***** Entries provided *****

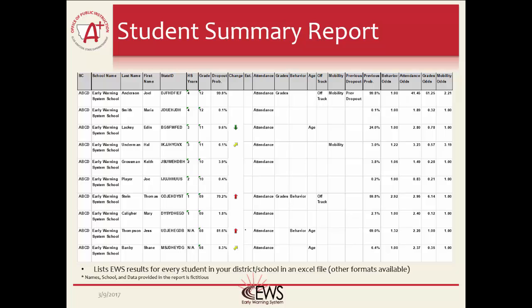The Student Summary Report is sorted by grade and by dropout probability. Therefore, all 12th grade students appear at the top of the report, then 11th grade, and so on. Each grade is then sorted by dropout probability, with the highest dropout probability at the top.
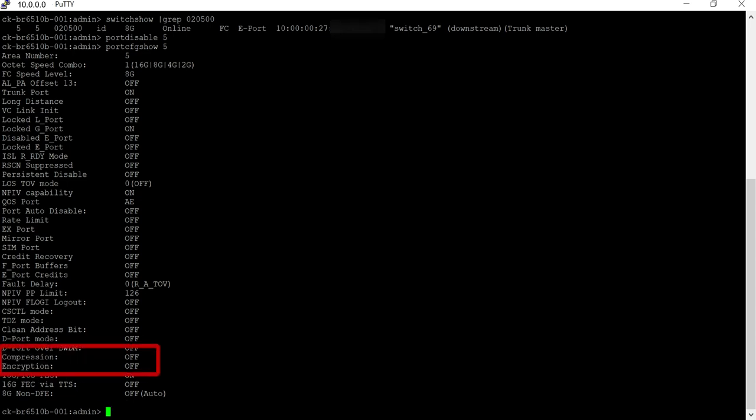Enable encryption and compression one at a time on the switches. First, let's enable encryption.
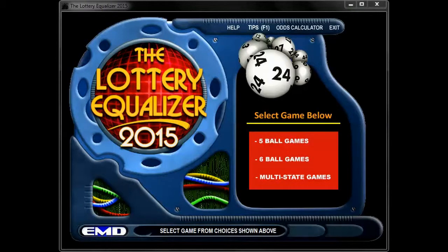Welcome to the Lottery Equalizer 2015 video tutorials. This series of videos is intended to help you understand the Lottery Equalizer and how it can help you pick better numbers.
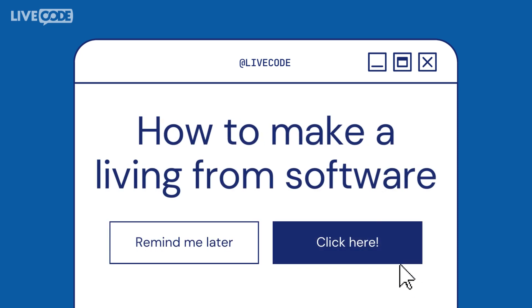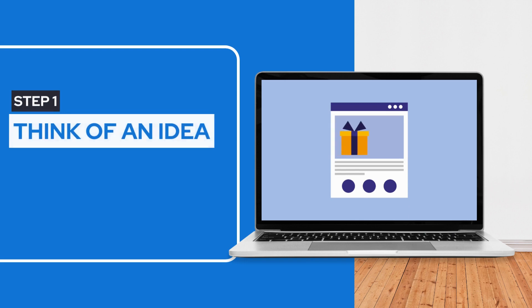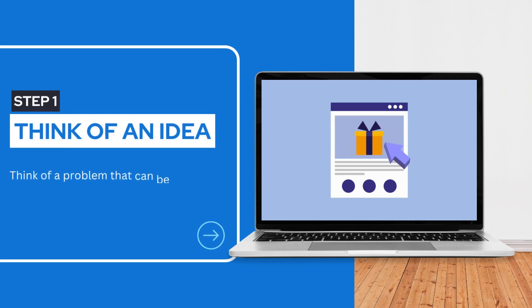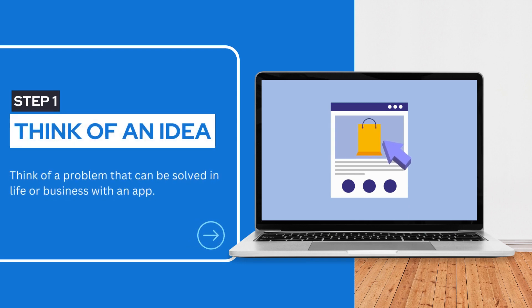Here's how anyone can make a living from software in six simple steps. First, it all begins with an idea. Think of a problem you can solve in life or business using an app.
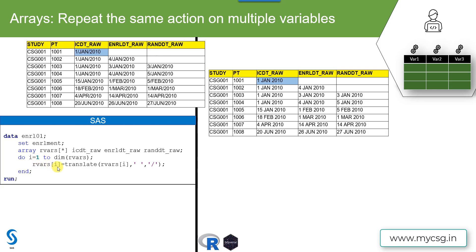We are looping three times. On the right-hand side, we are again processing on the same variable RVARS[i]. When i is one, it refers to ICDT_raw, on which the translate function gets applied. The syntax of the translate function is: the character to replace followed by the character we want to replace it with. So we want to replace the forward slash with a space. This loop runs three times, once on each variable, replacing the forward slash with a space on all three variables.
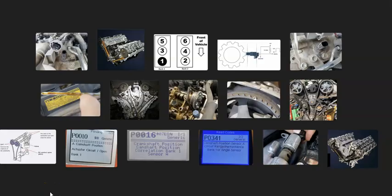That's a basic overview of how to go about fixing a vehicle with a P0016 code. If you have anything to add, please comment below. If you have questions, ask and I'll try to answer them. If this video helps you, please click like and subscribe.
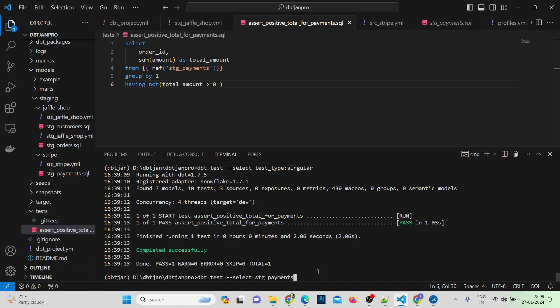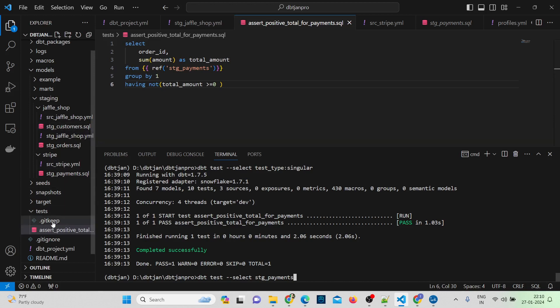Testing is very important because in software engineering, testing is used to make sure that the code does what we expect it to do. In production, dbt build will automatically run both dbt run and dbt test. If you want to add conditions based on your business requirements, you can add them in the test folder using singular tests, or configure them in the yml file as generic tests. In the next video, we'll explore about documentation.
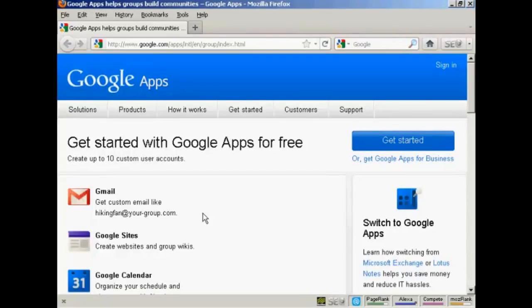In this video I'm going to show you how to use Google Apps. Google Apps is a set of web applications provided by Google, and these web applications include things like Google Email, Google Calendar, Google Docs and Google Sites. All of these web applications offer an online alternative to traditional office suites, so you can look at Google Apps as an online office suite.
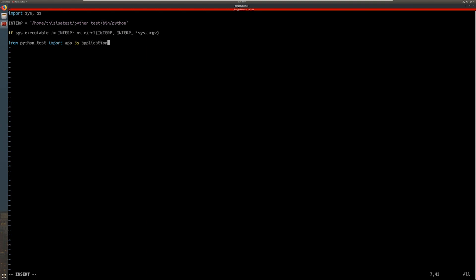And this last line here is importing from python_test, which is the python_test.py file that I created, and it's going to import the app as application.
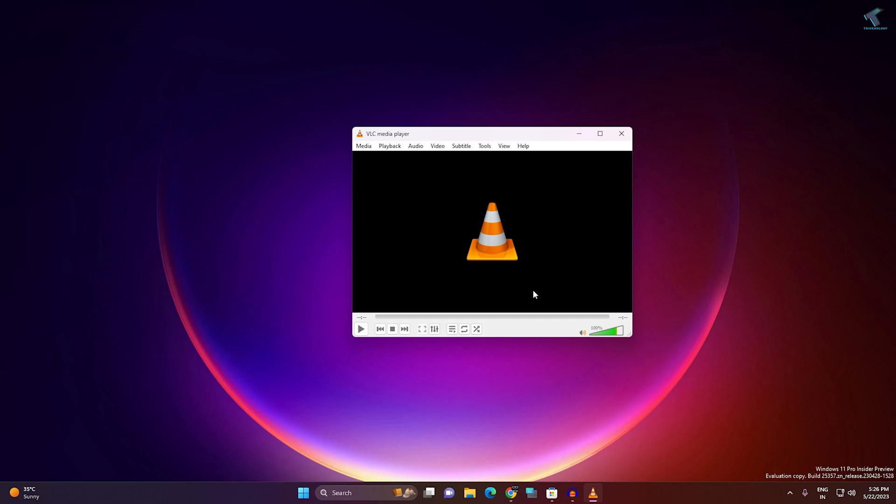Hi guys, welcome back to my channel Technology. Today in this video tutorial I will show you how to fix VLC not playing any videos, or VLC not opening or not working on your Windows 11 PC or laptop.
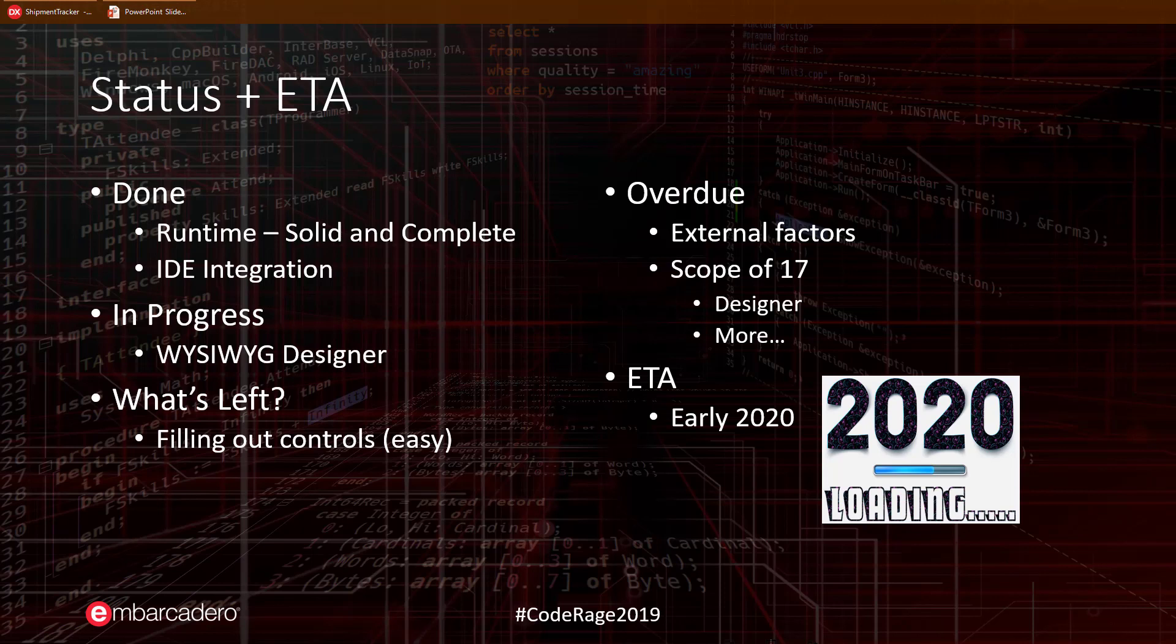Secondly, and the primary reason for these delays, is that we drastically expanded the scope of what 17 would include and pulled down some features that we initially planned to release only in 17.1 or later. While there were several such items, one item that recently again impacted the schedule was the decision to bring down the what you see is what you get designer from 17.1 to 17.0. While this added an additional delay moving us into early 2020, we believe that the end result will be worth the additional wait. We only make such decisions after careful discussion and deliberation with our customer base and beta testers.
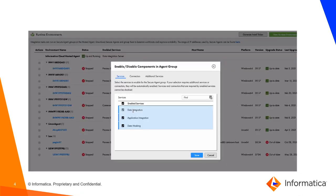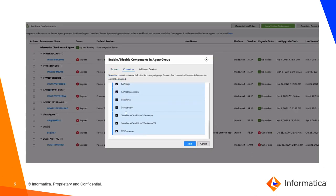And then it brings you to this page where you have three tabs. One is services, the other one is connectors, and then you have the additional services. So from this page you can essentially enable or disable the services and the connectors that you desire.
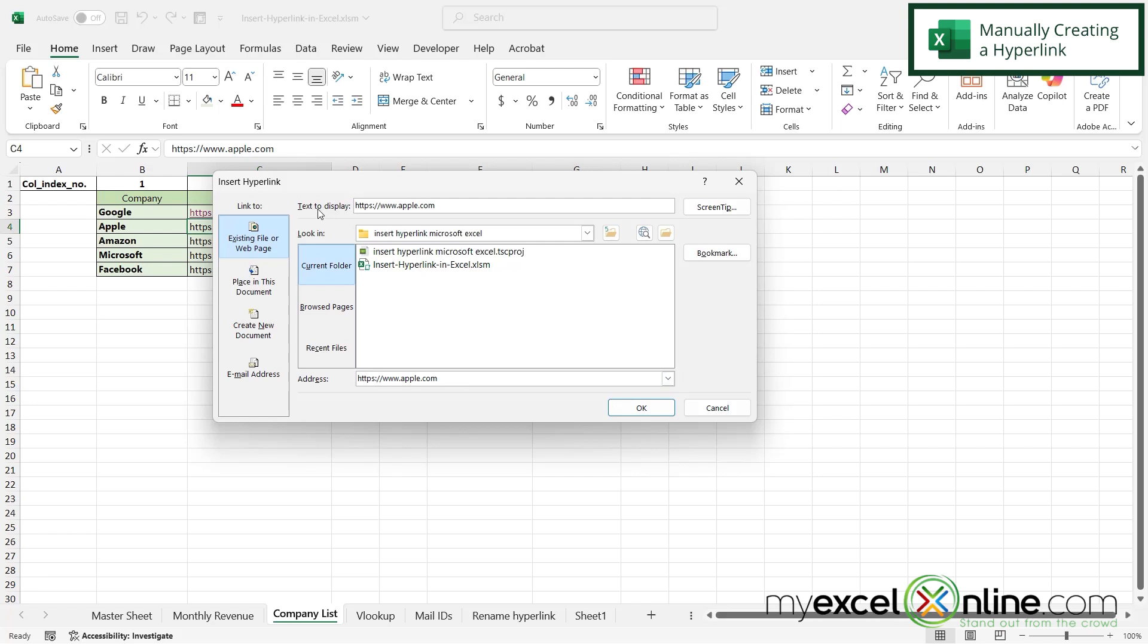And up here, there's an option for text to display. So I'm going to highlight that. And instead of displaying the whole long URL, I'm just going to put Apple's website and then say, okay.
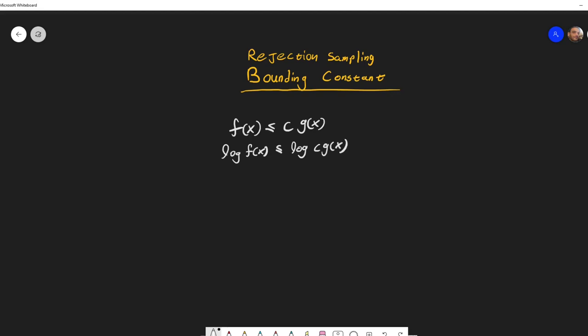Now the log of multiplication can be separated. And now we can take log g of x to the other side. So we end up getting...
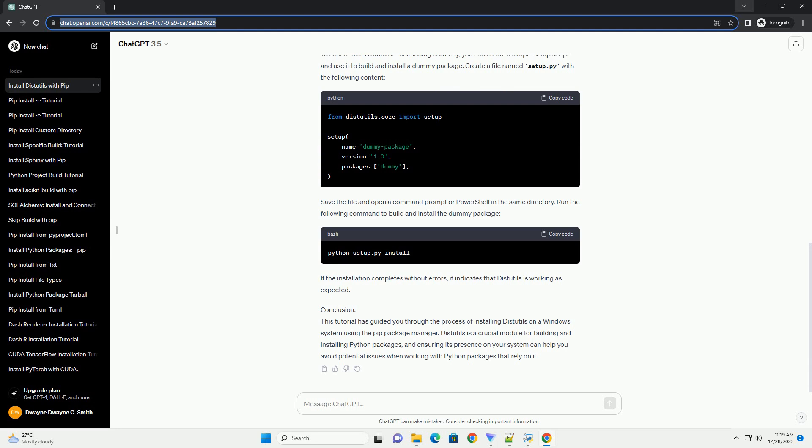Step 1: Check if DIST Utils is installed. Before installing DIST Utils, it's a good idea to check if it's already installed on your system. Open a command prompt or PowerShell and enter the following command.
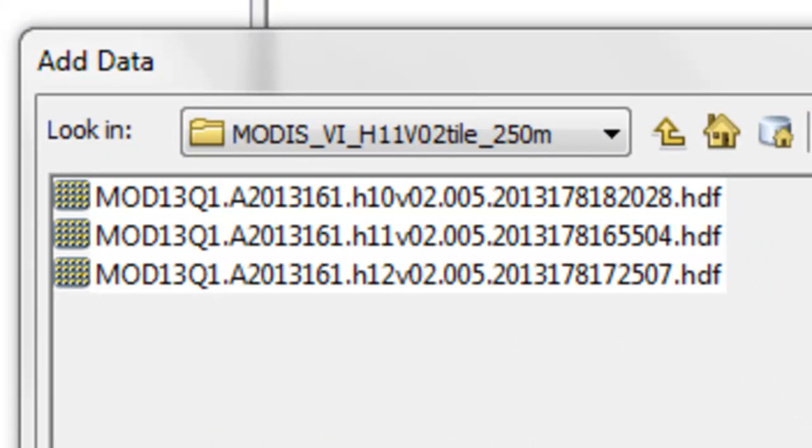Welcome back to remote sensing applications using ArcGIS. In this session we're going to work with MODIS NDVI data at 250 meter pixels and we'll work with three tiles that cover most of Alaska.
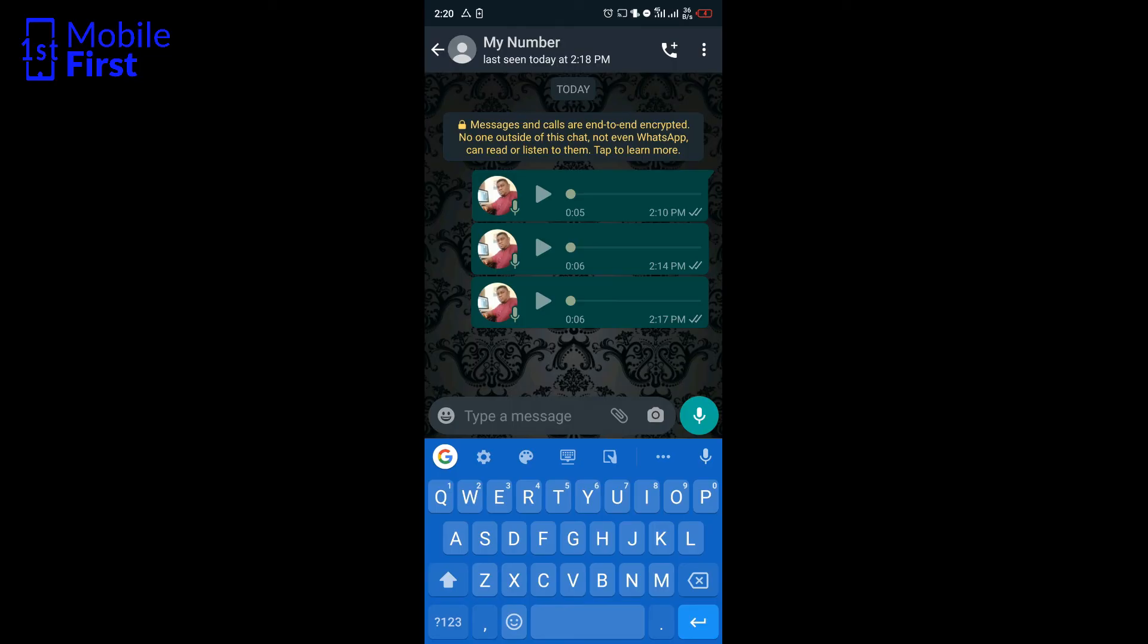So that is how to listen to your WhatsApp voice note without sending the read receipt or the blue tick to the sender. If this video was useful to you, please smash the like button and subscribe to the channel, and I will see you in the next video.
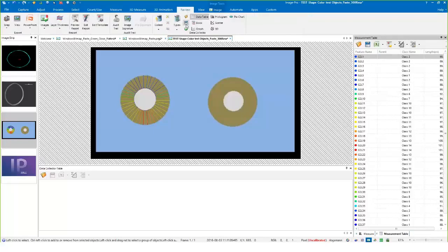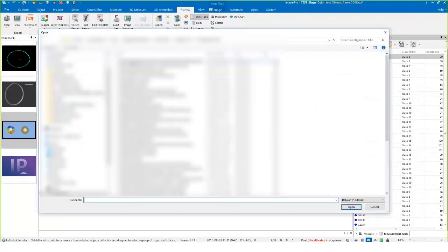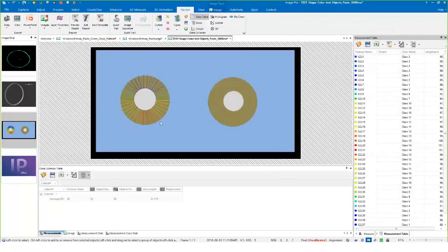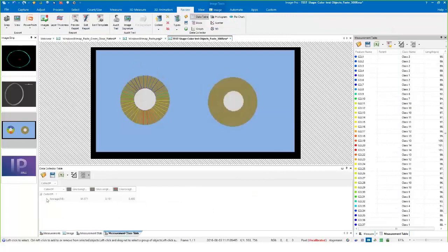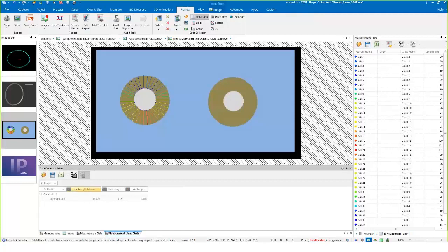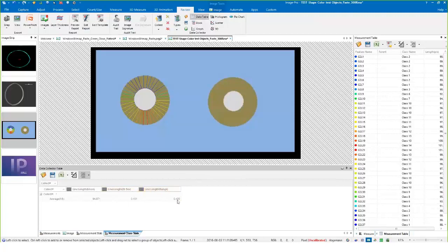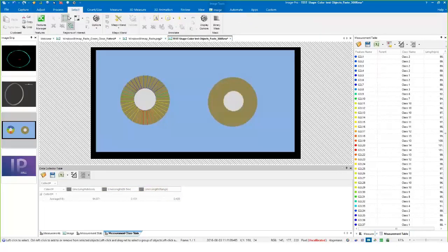I also created a data collector setting here. If I collect into my data collector, what I can see now is a one-line summary of my first collection. I'm looking at three pieces of data: the mean value, the standard deviation, and the range value for this measurement.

*****

Task prompt: Find the line with "Welcome back to remote" in the listing and extract it and all lines after it through the end, exactly, without the pictures.

Written response:
Welcome back to remote sensing applications using ArcGIS. In this session we're going to work with MODIS NDVI data at 250 meter pixels and we'll work with three tiles that cover most of Alaska.
So that is how to listen to your WhatsApp voice note without sending the read receipt or the blue tick to the sender. If this video was useful to you, please smash the like button and subscribe to the channel, and I will see you in the next video.
I also created a data collector setting here. If I collect into my data collector, what I can see now is a one-line summary of my first collection. I'm looking at three pieces of data: the mean value, the standard deviation, and the range value for this measurement.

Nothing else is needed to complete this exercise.